Over the past 130 years, the interface between human and machine has become relatively standardized. We have steering wheels, pedals, seats, mirrors, and other major controls in roughly the same location no matter what brand or type of vehicle we use. We’ve made adaptations for additional hand controls for those that have physical disabilities, but overall, the experience is consistent. But when those controls are eliminated in automated vehicles (AVs), as Ford will do in the AV it intends to produce in 2021, designers have opportunities to rethink vehicle cabins. And those opportunities raise a few questions about interacting with AVs.

User Experience

The more you know, the more you realize how much you don’t know. As we accelerate toward an era where humans are no longer in direct control of the vehicles we move around in, it’s clear that making a car drive itself is only the beginning of the task at hand. A panel at the recent Automotive Megatrends Autonomous Car conference in Detroit examined some of the questions around the user experience (UX) with automation.

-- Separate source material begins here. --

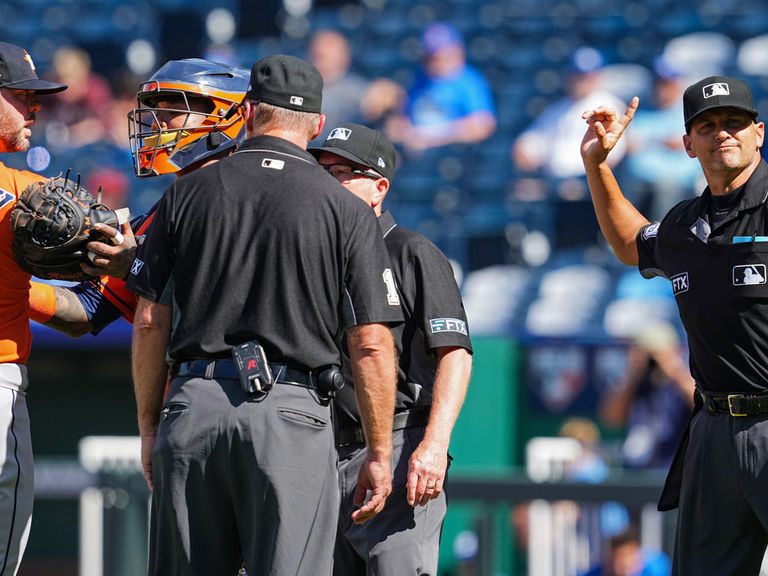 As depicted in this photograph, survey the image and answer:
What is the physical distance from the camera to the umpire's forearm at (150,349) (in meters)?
2.83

A crucial aspect of the human-machine interface are the seats and what we see as we move through the world. Over the last several years, automakers and suppliers revealed a number of fascinating concepts for cars of the future such as the Mercedes-Benz F015, Nissan IDS, and the BMW HoloActive Touch.

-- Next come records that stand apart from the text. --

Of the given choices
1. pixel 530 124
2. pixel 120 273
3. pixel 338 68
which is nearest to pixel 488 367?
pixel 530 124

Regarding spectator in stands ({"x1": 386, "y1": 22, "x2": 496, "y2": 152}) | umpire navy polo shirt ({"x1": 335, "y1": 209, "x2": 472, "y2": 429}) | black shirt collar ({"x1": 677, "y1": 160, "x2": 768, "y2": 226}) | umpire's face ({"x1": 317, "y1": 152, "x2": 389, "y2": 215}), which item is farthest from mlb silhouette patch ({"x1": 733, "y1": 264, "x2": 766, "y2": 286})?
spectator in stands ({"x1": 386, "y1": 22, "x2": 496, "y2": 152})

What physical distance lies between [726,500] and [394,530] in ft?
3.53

One of the seemingly more appealing ideas about not having to drive is that vehicle occupants could be repositioned so they can interface with each other instead of the vehicle. However, a driving force behind the design of modern vehicles is the need to protect occupants in the event of a crash. They must be properly positioned in order for airbags to provide protection. While AVs are likely to cause far fewer crashes, they will still have to coexist with the more than 1.2 billion vehicles on the road today and for decades to come. That means that unless we ban human-driven vehicles, AVs still have to conform to the same safety standards and seat rotation will be limited to small angles.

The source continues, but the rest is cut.